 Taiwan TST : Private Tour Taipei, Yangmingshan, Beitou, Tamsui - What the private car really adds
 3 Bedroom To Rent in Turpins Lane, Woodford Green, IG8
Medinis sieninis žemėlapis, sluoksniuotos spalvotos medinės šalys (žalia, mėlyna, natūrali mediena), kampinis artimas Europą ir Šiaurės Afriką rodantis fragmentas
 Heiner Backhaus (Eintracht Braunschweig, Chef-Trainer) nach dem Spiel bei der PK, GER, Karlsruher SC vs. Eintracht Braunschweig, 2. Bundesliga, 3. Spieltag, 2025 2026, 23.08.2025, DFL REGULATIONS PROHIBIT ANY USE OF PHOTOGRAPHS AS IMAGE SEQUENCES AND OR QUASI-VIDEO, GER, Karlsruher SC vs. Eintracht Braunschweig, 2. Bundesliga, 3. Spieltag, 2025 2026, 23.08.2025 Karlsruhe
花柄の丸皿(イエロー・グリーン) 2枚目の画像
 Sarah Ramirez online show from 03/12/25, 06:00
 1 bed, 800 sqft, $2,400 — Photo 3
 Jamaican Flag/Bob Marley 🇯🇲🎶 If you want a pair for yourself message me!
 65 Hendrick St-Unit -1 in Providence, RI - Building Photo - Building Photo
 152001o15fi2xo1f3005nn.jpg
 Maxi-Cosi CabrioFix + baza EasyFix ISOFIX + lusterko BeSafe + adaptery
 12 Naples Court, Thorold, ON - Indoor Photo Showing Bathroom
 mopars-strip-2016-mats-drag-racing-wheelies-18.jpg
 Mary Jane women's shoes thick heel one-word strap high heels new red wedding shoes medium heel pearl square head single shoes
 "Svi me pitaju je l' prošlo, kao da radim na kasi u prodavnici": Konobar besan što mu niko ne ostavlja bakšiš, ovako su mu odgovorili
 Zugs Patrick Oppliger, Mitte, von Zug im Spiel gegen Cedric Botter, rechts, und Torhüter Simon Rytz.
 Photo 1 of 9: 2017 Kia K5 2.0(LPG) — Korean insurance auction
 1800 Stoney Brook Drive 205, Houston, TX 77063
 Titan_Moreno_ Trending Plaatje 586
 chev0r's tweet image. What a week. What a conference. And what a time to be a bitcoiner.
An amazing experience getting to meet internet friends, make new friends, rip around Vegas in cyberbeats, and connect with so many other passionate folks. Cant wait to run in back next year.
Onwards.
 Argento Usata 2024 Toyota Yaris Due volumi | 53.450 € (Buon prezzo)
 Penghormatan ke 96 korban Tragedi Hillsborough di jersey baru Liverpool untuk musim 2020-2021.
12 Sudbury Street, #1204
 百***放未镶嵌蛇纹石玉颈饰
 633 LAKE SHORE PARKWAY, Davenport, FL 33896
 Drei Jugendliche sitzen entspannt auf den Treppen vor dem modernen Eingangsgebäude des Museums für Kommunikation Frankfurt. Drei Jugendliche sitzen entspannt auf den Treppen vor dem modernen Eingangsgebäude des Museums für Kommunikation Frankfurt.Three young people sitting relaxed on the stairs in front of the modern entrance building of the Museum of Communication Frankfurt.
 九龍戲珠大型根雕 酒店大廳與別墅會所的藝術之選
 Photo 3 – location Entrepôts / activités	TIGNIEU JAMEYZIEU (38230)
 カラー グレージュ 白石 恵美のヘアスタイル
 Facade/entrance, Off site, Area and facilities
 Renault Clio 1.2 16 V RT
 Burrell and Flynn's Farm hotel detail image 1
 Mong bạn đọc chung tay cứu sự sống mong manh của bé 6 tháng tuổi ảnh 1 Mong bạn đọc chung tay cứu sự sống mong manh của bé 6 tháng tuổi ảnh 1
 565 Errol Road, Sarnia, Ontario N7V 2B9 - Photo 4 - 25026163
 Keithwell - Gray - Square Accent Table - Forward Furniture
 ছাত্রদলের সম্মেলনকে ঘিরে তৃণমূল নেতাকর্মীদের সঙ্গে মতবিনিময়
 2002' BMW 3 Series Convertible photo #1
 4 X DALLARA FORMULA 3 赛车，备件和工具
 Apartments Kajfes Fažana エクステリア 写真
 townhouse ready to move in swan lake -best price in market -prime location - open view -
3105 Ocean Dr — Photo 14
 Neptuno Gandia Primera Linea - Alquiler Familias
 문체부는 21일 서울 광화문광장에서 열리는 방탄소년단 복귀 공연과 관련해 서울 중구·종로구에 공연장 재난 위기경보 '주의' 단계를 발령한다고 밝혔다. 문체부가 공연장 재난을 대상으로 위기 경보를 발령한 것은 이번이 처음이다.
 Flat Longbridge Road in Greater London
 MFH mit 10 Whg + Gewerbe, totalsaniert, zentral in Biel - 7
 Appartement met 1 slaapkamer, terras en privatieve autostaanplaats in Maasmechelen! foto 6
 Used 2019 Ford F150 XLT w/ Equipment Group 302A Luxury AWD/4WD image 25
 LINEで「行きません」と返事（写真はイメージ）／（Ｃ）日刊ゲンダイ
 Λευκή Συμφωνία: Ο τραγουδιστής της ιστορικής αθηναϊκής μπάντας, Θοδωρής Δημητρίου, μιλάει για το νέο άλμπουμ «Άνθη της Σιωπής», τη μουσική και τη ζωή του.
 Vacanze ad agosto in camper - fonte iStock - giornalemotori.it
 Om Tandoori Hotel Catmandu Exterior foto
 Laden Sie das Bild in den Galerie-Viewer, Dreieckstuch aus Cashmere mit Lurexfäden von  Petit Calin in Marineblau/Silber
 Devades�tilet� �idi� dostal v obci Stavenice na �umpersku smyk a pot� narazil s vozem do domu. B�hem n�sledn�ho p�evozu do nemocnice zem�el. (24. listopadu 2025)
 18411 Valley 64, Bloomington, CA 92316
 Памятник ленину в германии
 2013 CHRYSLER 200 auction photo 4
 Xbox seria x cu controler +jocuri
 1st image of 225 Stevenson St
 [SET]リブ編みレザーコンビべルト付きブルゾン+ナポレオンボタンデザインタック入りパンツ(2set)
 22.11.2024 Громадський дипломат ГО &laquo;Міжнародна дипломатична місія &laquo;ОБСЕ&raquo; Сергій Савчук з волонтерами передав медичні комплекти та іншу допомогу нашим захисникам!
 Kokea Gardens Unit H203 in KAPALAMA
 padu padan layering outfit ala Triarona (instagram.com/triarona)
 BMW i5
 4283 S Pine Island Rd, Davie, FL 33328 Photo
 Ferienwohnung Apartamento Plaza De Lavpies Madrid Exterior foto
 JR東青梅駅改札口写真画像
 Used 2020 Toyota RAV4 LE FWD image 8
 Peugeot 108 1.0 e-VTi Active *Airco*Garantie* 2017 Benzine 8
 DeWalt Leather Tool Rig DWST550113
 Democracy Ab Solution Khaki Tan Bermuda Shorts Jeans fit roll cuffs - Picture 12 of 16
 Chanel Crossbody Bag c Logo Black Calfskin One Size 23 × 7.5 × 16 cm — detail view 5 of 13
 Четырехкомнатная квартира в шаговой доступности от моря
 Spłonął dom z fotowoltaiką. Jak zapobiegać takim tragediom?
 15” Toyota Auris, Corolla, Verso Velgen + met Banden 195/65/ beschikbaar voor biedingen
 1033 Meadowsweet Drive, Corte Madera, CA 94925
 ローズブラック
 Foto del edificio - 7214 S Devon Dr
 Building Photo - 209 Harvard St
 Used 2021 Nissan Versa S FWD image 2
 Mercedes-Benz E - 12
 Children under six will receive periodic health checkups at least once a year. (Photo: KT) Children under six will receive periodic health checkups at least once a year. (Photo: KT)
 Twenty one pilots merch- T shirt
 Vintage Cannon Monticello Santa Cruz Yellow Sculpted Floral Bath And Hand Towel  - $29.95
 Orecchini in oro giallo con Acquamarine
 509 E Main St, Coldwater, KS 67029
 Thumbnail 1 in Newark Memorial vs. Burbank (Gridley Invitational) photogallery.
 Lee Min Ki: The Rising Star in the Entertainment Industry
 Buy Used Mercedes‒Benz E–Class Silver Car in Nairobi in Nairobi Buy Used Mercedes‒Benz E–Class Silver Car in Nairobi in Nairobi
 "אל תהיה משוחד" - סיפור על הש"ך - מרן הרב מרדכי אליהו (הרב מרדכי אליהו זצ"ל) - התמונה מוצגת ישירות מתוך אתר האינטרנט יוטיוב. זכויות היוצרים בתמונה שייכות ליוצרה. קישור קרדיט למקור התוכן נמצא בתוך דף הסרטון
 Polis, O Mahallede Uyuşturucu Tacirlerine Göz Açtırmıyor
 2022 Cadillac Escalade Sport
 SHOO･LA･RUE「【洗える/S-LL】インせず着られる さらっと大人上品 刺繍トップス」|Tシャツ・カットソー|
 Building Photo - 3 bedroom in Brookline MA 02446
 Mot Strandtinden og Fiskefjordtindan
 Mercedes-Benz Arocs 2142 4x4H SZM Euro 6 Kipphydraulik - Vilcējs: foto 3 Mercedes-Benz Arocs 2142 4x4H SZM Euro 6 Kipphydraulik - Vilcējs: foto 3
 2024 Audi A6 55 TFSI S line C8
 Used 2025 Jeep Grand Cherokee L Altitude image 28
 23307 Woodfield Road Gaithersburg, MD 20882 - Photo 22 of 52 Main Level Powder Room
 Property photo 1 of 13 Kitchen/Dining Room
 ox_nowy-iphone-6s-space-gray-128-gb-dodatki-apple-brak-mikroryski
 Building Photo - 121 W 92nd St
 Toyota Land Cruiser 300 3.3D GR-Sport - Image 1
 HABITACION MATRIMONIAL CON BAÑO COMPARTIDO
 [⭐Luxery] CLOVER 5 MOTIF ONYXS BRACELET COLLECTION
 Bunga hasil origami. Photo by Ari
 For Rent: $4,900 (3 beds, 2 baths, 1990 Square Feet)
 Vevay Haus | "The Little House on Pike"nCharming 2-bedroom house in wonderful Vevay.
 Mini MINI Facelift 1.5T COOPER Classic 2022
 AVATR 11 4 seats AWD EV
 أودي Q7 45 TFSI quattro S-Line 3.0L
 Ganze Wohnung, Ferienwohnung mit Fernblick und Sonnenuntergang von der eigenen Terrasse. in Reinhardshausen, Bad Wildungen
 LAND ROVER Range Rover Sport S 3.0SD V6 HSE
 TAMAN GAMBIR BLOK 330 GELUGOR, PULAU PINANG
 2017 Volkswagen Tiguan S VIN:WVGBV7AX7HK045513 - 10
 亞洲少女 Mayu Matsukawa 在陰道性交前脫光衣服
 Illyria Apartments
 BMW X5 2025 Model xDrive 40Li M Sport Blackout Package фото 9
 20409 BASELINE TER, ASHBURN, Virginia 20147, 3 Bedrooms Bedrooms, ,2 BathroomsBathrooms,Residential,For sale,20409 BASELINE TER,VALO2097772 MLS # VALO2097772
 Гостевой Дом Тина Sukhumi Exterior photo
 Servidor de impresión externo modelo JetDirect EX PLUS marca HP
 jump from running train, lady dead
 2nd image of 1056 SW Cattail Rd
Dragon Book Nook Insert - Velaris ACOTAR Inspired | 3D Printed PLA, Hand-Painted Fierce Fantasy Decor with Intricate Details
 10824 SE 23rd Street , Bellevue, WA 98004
= = = = =
# PROBLEM DESCRIPTION
Read through the records above and copy the lines that contain "with".

# RESPONSE AREA
An amazing experience getting to meet internet friends, make new friends, rip around Vegas in cyberbeats, and connect with so many other passionate folks. Cant wait to run in back next year.
Dragon Book Nook Insert - Velaris ACOTAR Inspired | 3D Printed PLA, Hand-Painted Fierce Fantasy Decor with Intricate Details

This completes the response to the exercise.